What is BIM?

Building Information Modeling — or BIM as it is more commonly known — is a series of powerful tools used in the architectural industry to combine digital design with the information needed to complete a project, such as cost, siting, and materials. It allows both designers and their clients to visualize a design in Schematic Design long before it is built and fosters collaboration among architects, consultants, and builders.

Since taking the leap from 2D to 3D, our studio has leveraged this new technology to provide beautiful architecture in an increasingly complex building environment.

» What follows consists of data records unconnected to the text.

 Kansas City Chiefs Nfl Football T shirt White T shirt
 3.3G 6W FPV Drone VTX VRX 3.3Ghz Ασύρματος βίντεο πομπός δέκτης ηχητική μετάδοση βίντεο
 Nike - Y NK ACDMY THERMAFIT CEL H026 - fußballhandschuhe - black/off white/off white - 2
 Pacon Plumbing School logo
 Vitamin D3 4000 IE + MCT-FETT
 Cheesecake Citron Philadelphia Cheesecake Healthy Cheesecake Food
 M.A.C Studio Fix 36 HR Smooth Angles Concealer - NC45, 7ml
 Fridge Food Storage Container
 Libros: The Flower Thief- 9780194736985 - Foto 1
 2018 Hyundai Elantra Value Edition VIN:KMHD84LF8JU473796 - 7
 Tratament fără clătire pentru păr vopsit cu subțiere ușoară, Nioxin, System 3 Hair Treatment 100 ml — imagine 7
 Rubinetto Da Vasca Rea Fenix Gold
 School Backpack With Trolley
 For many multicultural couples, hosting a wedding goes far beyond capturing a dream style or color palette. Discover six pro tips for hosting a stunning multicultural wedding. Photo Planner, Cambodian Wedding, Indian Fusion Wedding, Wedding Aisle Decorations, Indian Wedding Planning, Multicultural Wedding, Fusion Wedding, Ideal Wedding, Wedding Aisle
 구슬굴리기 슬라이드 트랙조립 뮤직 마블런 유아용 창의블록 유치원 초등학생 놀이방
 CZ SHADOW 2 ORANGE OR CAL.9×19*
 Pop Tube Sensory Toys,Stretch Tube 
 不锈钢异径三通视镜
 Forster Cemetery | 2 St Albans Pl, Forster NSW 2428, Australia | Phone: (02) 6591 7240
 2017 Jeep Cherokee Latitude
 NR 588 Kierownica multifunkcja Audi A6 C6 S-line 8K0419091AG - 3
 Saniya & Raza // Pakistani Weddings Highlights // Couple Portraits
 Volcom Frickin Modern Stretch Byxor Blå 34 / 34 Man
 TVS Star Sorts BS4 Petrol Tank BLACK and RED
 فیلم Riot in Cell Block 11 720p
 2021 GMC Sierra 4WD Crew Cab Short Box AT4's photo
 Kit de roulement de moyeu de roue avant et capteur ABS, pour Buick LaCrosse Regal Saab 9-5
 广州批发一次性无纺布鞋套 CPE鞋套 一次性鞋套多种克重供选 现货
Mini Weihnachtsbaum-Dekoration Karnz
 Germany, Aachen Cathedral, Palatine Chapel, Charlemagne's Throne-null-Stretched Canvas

“It is a joyful experience to imagine our buildings fully-formed before they are built. It is also one of our most serious responsibilities,” explains principal Tim Barber. “As building science grows, new materials are developed, new technologies are explored, and our climate changes, keeping everything in mind is a challenge. We recognized that challenge several years ago and made the decision to use BIM software and hire an expert to develop it.”

One essential way BIM helps us to meet this challenge is its ability to simulate a project site and the surrounding environment at the onset of the design process. This allows our team to understand a project’s location and plan a response to many given forces, including the way shadows cast across the property and how site boundaries implemented by the city might constrain the buildable area and lot use. Establishing this critical information early on helps us meet project timelines and provides both us and our clients with an understanding of their building in their settings as it develops in design.


What is BIM?

Sun studies are crucial to designing a comfortable home for our clients. This animation shows the sun’s daily trajectory across the site and how it illuminates different parts of the home at different times of day. This helps us locate key features of the site based on their intended functions and time of use. In this example, we knew that our clients wanted to enjoy their evenings gathered on a patio around an outdoor fireplace, so we located their patio and fireplace precisely where the sun will glow late in the evening. (And since they’ll likely be gathered around/facing the fireplace, the sun won’t be in their eyes.) Designed by project manager Korey Kromm and drawn by design associate Mengying Bai. Sun study animation by Bill Zahurak, 2018.


A 3D model helps our clients understand their home long before it is built. Before BIM, we typically produced hand-drawn renderings at clients’ requests to help guide them through critical design decisions. These presentation renderings took many hours to complete. With these new tools, our imaging is faster and more advanced, allowing us to create rough-yet-realistic images throughout every design phase.


What is BIM?

Most of our clients aren’t architects or designers and don’t visualize designs in the same way we do. Enscape is an extremely useful tool that helps us quickly create photorealistic images of a completed project. By providing comparison animations such as this to our clients during the design process, our clients understand how their home will really look, and will often feel more confident in their design decisions. Project drawn by job captain Jim Coyle. Enscape animation by Bill Zahurak, 2018.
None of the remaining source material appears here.